Financially troubled Hynix Semiconductor Inc is looking to other foreign chip makers for a possible alliance amid reports that talks with US chip maker Micron Technology Inc have hit a snag, company and industry officials said yesterday.
"Hynix isn't in exclusive talks with Micron. We are open to talks with any company," said Choi Soo, a managing director at Hynix, the world's third largest memory chip maker. He would not say whether talks with Micron were faltering.
Published reports have said Hynix and Micron are haggling over price. The Japanese Nihon Keizai newspaper identified one of Hynix's new potential foreign partners as Infineon Technologies AG of Germany, the world's fourth largest memory chip maker.
Infineon chief executive Ulrich Schumacher was quoted in the Japanese report as saying that his company and Hynix may form a joint venture to develop and manufacture memory chips. Hynix declined to confirm the report.

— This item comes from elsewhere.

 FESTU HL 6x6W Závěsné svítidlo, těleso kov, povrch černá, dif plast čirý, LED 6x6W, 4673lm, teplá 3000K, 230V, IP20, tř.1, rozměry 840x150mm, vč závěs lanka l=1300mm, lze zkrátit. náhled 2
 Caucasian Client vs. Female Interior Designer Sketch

But an industry source close to Hynix said yesterday that a team of Infineon officials visited Seoul last week to talk with Hynix.

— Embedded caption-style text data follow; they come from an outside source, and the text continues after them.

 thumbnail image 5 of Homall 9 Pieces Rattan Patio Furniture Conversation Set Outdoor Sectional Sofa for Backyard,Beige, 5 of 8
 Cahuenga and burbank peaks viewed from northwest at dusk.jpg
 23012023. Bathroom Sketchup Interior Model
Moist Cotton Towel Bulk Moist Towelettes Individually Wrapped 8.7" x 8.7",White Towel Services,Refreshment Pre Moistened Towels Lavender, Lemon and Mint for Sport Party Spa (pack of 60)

Hynix also declined to comment on the reported visit.
In December, Infineon ended months of talks with Japan's Toshiba Corp on co-operating in making memory chips. The move came after Toshiba decided to sell a key part of its chip business to Micron.
Struggling under debts of more than US$6 billion, Hynix has been in talks with Micron since December to form a strategic alliance, including a possible merger of their memory chip operations to cope with sagging demand and falling prices.
The talks have failed to make progress. Micron said on Monday that its fourth round of talks with Hynix in California ended in a stalemate and that no new discussions were planned.